Als kinderloze dertiger met een ochtendhumeur en een nachtelijk bioritme beginnen mijn dagen indien mogelijk pas als de ochtendfiles al lang opgelost zijn. Ik moet ook wel eens voor zeven uur opstaan, want ik begin vaak om kwart na acht les te geven, maar indien mogelijk probeer ik dat te vermijden. En als het toch moet, dan gebeurt het zacht. Met koffie en de krant en boterhammen met Nutella. En geen geluid.
De laatste drie dagen echter kan ik een blik werpen op het leven van normale mensen. Zij die om tien na zeven al wakker en goedgeluimd zijn. Ze kwetteren vrolijk een eind weg in wat eens onze living was en hanteren met zwier de drilboor en zaagmachine om de hele handel te slopen.

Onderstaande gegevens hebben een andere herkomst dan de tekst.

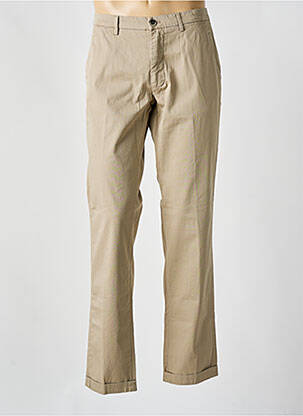 Pantalon chino tissage popeline taille normale beige MASON'S homme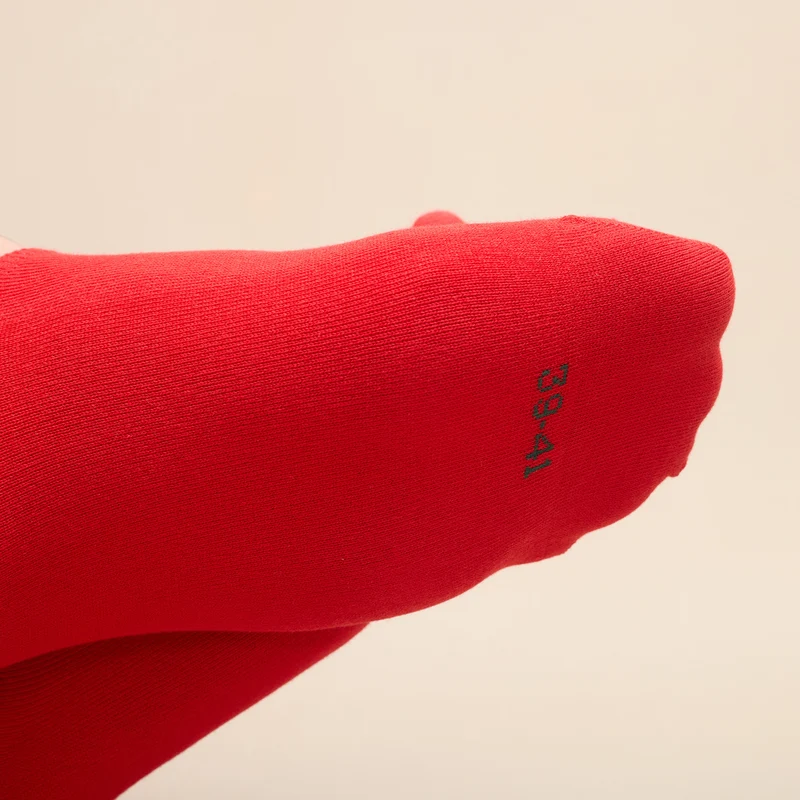 Chaussettes invisibles | Rouge vif - Basket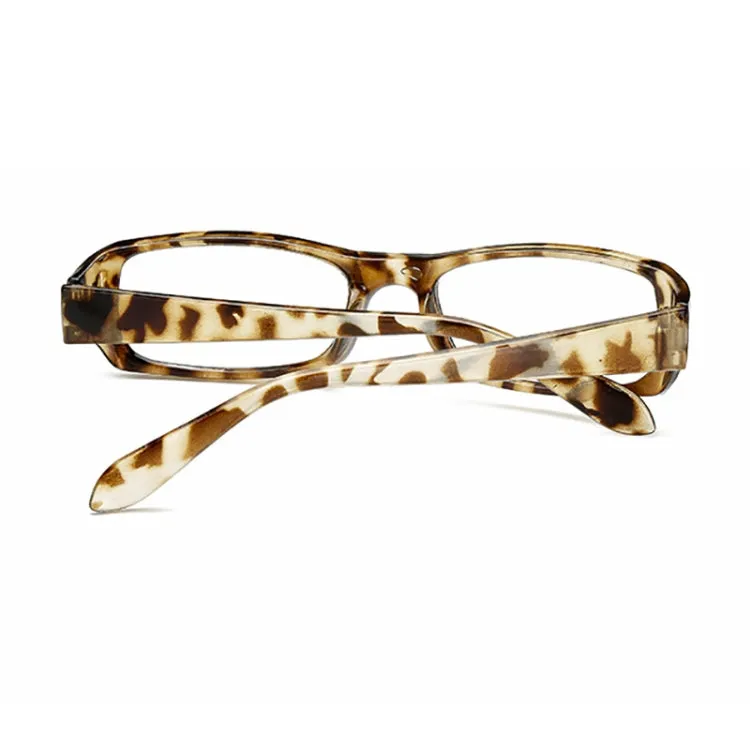 Anti Blue Rays Goggles Glasses Men Women Radiation Resistant Glasses Frame Computer Transparent Blue Film Eyeglasses(Leopard)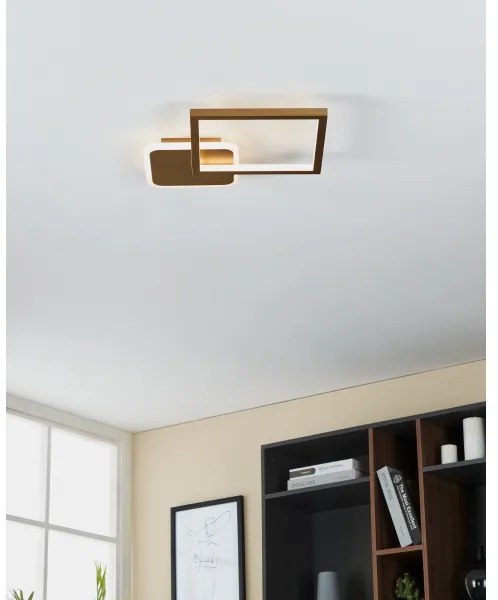 Eglo 900424 - Plafoniera LED dimmerabile GAFARES LED/15W/230V oro + tc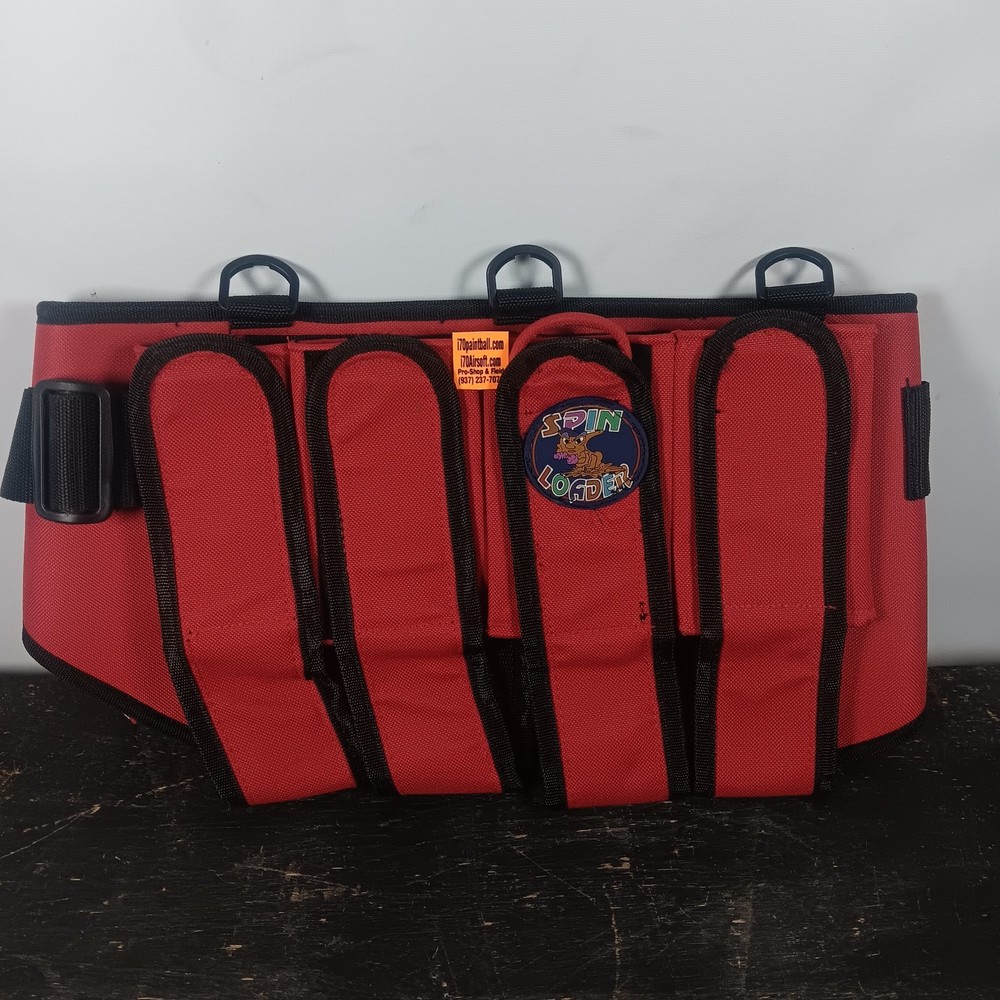 Red Spin Loader 4 Pod Pack Belt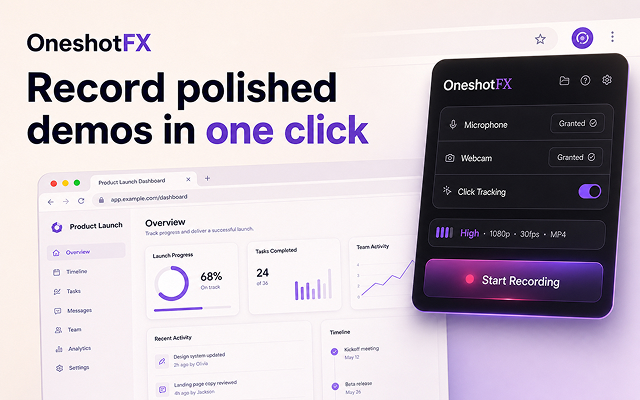 AI 屏幕录制器 - OneshotFX - 截图 5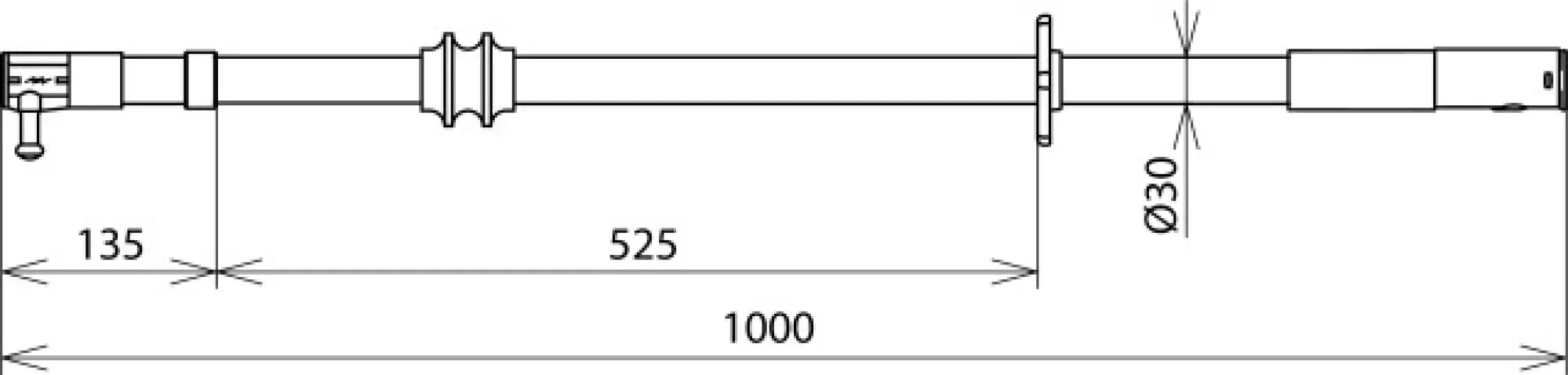 Dehn 763111 Switching stick 36kV L 1000mm with STK Also for use in wet weather conditions (img_002) Dehn 763111 Switching stick 36kV L 1000mm with STK Also for use in wet weather conditions (img_002)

Ik sta een beetje verbaasd aan de zijlijn te kijken. Met een hete kop koffie en een trui met kap over mijn hoofd. Het is een heel nieuw inzichtje: dat er al een leven is als ik normaal nog diep in dromen verzonken ben. En dat mensen daaraan deelnemen, aan dat leven.
De verbazing neemt toe als ik mijn krant heb gelezen, mijn emails heb gecheckt, administratie heb gedaan en een hoofdstuk heb gelezen voor school én het nog niet eens middag blijkt. 10 uur begod. Wat een uur.